_Source material_
* * * * * * * * *

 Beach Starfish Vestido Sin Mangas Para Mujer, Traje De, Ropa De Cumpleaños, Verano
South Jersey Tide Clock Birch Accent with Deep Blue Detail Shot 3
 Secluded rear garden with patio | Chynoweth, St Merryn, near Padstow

* * * * * * * * *

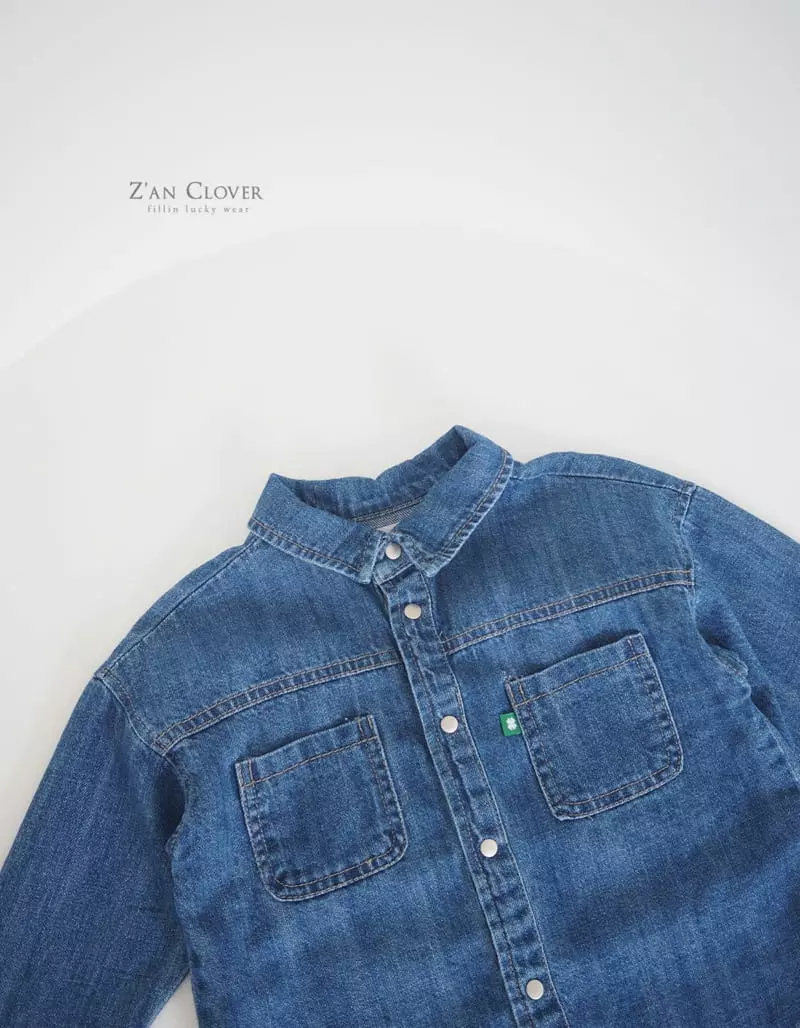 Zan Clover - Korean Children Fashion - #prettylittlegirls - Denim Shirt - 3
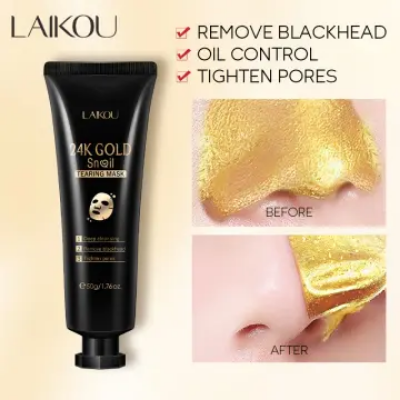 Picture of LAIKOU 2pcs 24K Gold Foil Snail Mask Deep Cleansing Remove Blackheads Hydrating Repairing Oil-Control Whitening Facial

* * * * * * * * *

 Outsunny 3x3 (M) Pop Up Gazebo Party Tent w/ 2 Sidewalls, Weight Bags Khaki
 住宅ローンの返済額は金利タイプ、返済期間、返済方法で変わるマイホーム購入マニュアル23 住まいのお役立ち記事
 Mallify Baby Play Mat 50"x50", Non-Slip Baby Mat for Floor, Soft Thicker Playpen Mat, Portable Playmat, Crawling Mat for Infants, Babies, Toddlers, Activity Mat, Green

* * * * * * * * *

_Task_
After reading through the material, report every line that holds "with".

_Task response_
South Jersey Tide Clock Birch Accent with Deep Blue Detail Shot 3
 Secluded rear garden with patio | Chynoweth, St Merryn, near Padstow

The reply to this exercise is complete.